Rule 195 seeks to strike a balance between maintaining investor protection and facilitating blockchain innovation by “exempting (1) the offer and sale of tokens from the Securities Act of 1933, other than the anti-fraud provisions, (2) the tokens from registration under the Securities Exchange Act of 1934, and (3) persons engaged in certain token transactions from the definitions of ‘exchange,’ ‘broker,’ and ‘dealer’ under the 1934 Act.” However, before the proposed exemption would apply, network developers would need to satisfy five requirements:

  • A good faith intention and effort to reach network maturity within three years of the date of the first token sale;
  • The disclosure of key information (discussed below) on a publicly-accessible website;
  • The token must be sold “for the purpose of facilitating access to, participation on, or the development of the network”;
  • A good faith intention and effort to “create liquidity for users”; and
  • The filing of a “notice of reliance” on the safe harbor within 15 days of the first token sale.

The disclosure requirement for Rule 195 would require developers to make the following information readily available online to the public:

  • Network source code
  • Network transaction history
  • Token Economics (“[a] narrative description of the purpose of the network, the protocol, and its operation”)
  • Development plan for the network
  • Token sales and terms
  • Initial Development Team and their token ownership
  • Secondary trading platforms
  • Ongoing sales of tokens by the Initial Development Team

Finally, the proposed Rule makes clear that the anti-fraud provisions—specifically, Section 12(a)(2) and Section 17 of the Securities Act of 1933—would still apply even when a token qualifies for the safe harbor. Commissioner Peirce emphasized that the safe harbor does not immunize developers and the sale of the tokens from federal or state anti-fraud actions, including the making of false, misleading, or incomplete disclosures regarding the tokens.

Clarifying the Contours

On March 2, 2020, Commissioner Peirce participated in a panel discussion in San Francisco on the state of blockchain and cryptocurrency and the emerging regulatory landscape. She reiterated that, while regulators have provided more clarity, there is still a long way to go for blockchain and cryptocurrency regulation, in part because of the struggle to deal with the significant variation across digital assets.

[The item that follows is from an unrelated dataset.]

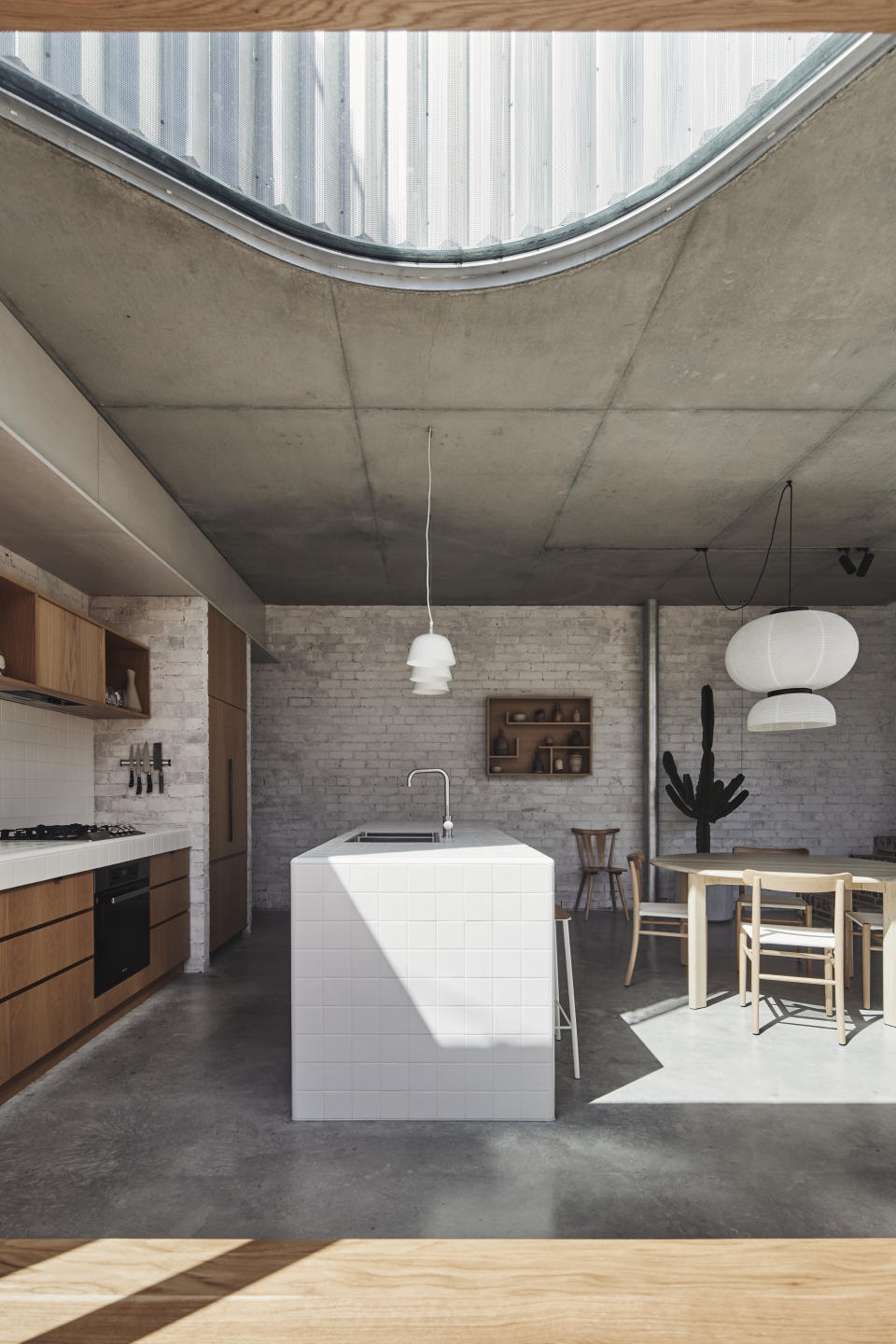 Tiled kitchen island by Andrew Burges Architects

During the discussion, Commissioner Peirce addressed and clarified several aspects of her proposed safe harbor for tokens, including the following. First, regarding section (f) of the Rule 195, which provides for the potential application of the safe harbor to digital assets previously sold pursuant to an exemption, she explained that those who have already launched and distributed tokens would need to consider whether prior token sales were transacted pursuant to an exemption, which in turn could dictate whether they could rely on the proposed safe harbor for future token distribution.

Second, Commissioner Peirce raised the unique difficulties that come with certain token launches where tokens are wrapped in investment contracts, which may look like traditional offerings initially, but that may change when the tokens are used in the network and no longer resemble securities. Notably, while Commission Peirce conceded that it would be a stretch to argue that the securities laws should still apply under such circumstances, SEC Enforcement recently argued to the contrary in the SEC v. Telegram case pending in the Southern District of New York. In that case, the SEC asked the judge to view the sale of an investment contract and subsequent token distribution as “one transaction.”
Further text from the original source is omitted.